# Badgers



## MrsP (Apr 13, 2008)

I was reading something the other day that said badgers can make great pets if you rear them in the home from babies. It was a US website I googled when I was bored at work.

I'm quite sure they're endangered in the UK so it wouldn't be possible to have one, but I can't be the only person who thinks it would be great to rear a badger from a baby?

Don't worry, I have no plans to go and steal a baby from its sett, but I would just love to have one!


----------



## Emmaj (Dec 3, 2007)

hee hee are you sure ya not gonna go on a midnight prowl now MsP 


i totally agree they are fantastic animals and have often wondered like you what they would be like as pets if reared from babies 

but like you i will carry on wondering...........or join ya on your midnight prowl (joke) lol


----------



## Marinam2 (Sep 4, 2007)

Arent they a bit like foxes?? I've heard that they dont make for good pets and can become very fiesty and aggressive once fully mature.
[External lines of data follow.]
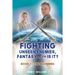Fighting Unseen Enemies, Fantasy . . . or Is It?: Book 1 - The Beginning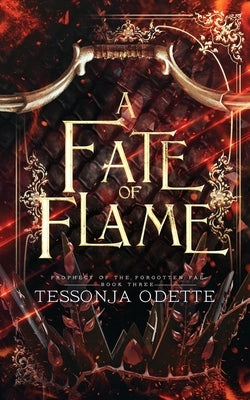 A Fate of Flame by Odette, Tessonja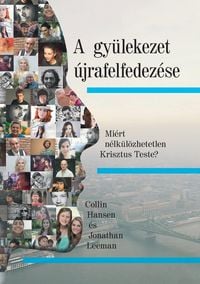 Produktbild: Rediscover Church / A gy&uuml;lekezet &uacute;jrafelfedez&eacute;se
They do make for good rearing studies and are relatively hardy but once they are fully grown revert to how they should behave in the wild.

Marina


----------



## Emmaj (Dec 3, 2007)

Marinam2 said:


> Arent they a bit like foxes?? I've heard that they dont make for good pets and can become very fiesty and aggressive once fully mature. They do make for good rearing studies and are relatively hardy but once they are fully grown revert to how they should behave in the wild.
> 
> Marina


 
yeah i had heard that too thats why i only ever wondered on the matter an never took it further lol 


they are gorgas animals but dangerous too they are very strong and powerful with a nasty bite


----------



## MrsP (Apr 13, 2008)

I've also read that they can be strong and aggressive. I was thinking, as we have a lot of space, that we could re-create a badger sett environment and allow a reared baby to go back to the wild but within our garden!

Not that I can, but it's one of those things I like to think about now and again! Imagine the wealth of study you could do if you lived in the same environment as a badger family.


----------



## Emmaj (Dec 3, 2007)

imagine the hours you would spen at the window an in te garden :lol2:


----------



## Marinam2 (Sep 4, 2007)

MrsP said:


> allow a reared baby to go back to the wild but within our garden!
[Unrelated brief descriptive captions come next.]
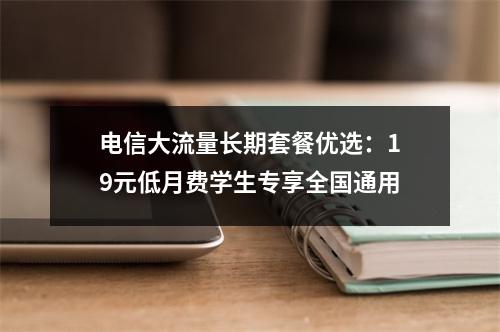 电信大流量长期套餐优选：19元低月费学生专享全国通用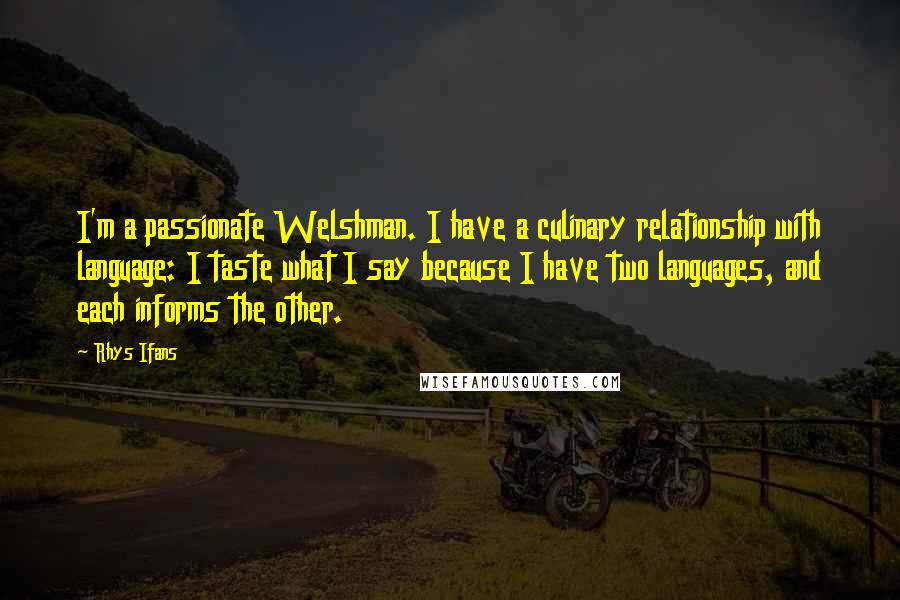 Rhys Ifans Quotes: I'm a passionate Welshman. I have a culinary relationship with language: I taste what I say because I have two languages, and each informs the other.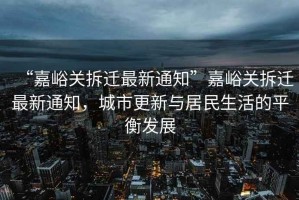 “嘉峪關(guān)拆遷最新通知”嘉峪關(guān)拆遷最新通知，城市更新與居民生活的平衡發(fā)展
It's a very selfish way to think.

Marina


----------



## Esarosa (Jul 13, 2007)

Marinam2 said:


> It's a very selfish way to think.
> 
> Marina



Hmm not really, what I think (or presume) MrsP meant...was that a badger who had gone into a rescue, but had become to acclimatised to humans to be released, or couldn't be released into the wild for whatever reason...So it would still have a wild environment, and a better life probably than it would otherwise? Might be wrong though.


----------



## MrsP (Apr 13, 2008)

I wasn't being selfish, just thinking about creating a natural environment for a family of badgers. We have a massive garden, not your normal back yard. i just think if it were possible it would be fascinating. What if I created a perfect environment and a family of badgers moved in without me doing anything? That wouldn't be selfish, that would be giving us a valuable opportunity to watch them from home.
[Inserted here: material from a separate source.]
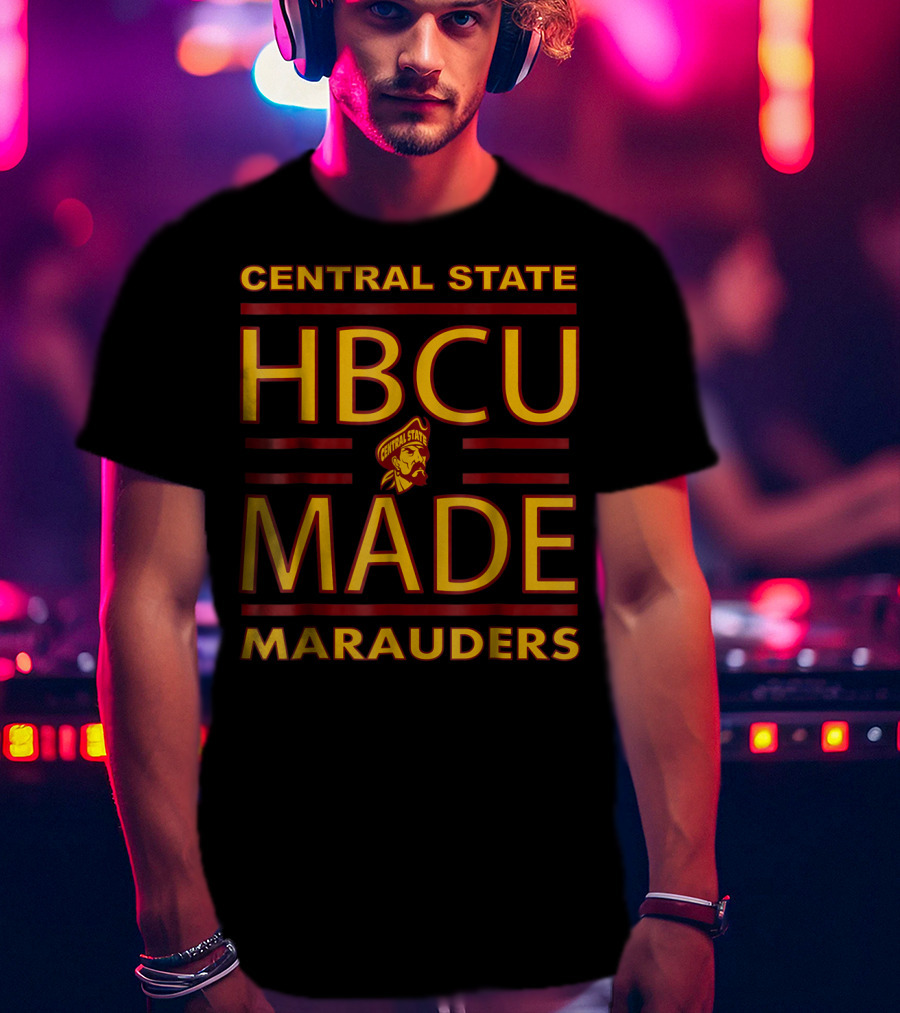 Central State HBCU Made Marauders T-Shirt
Like I said earlier, I'm not actually planning to go and steal a wild badger, they're endangered in the UK anyway. Just thought it would be an interesting discussion!


----------



## Marinam2 (Sep 4, 2007)

I said that because you inititated this conversation by saying you would go and rear a baby badger.

Marina


----------



## Talk To The Animals (Jan 10, 2008)

I think you'll find that badgers tend to dig, and if you wanted one to live in your garden you would have to dig it out to 6 - 10ft deep and line it with concrete, or it will just dig out of it.

Also, badgers bite!

Not a very good idea, I think!


----------



## emrawkgrrl (Sep 7, 2008)

Not to mention their claws! Had a cat that got whacked by one, fortunately he was a big cat otherwise he probably wouldn't have survived. 
Badger cubs are rather cute though, I remember holding one a few years ago. It was only cat sized and even then it was amazing all the strength and muscles in it!


----------



## MrsP (Apr 13, 2008)

Marinam2 said:


> I said that because you inititated this conversation by saying you would go and rear a baby badger.
> 
> Marina


Oh ok, maybe a bit selfish. But only in my dreams, I'd not do it really, unless I found a very badly injured baby badger and even then I'd only want to get it well enough to be released back to mum and dad.

I would really like to get close to a badger just once in my life though, I remember a taxi driver taking me round a roundabout several times because there was a badger ambling about on it, that's the only one I've ever seen in real life.


----------



## Bradders100 (Feb 3, 2008)

I've know a couple of people who have rescue foxes/badgers and they have become too acclimatised to people and are kept as pets now.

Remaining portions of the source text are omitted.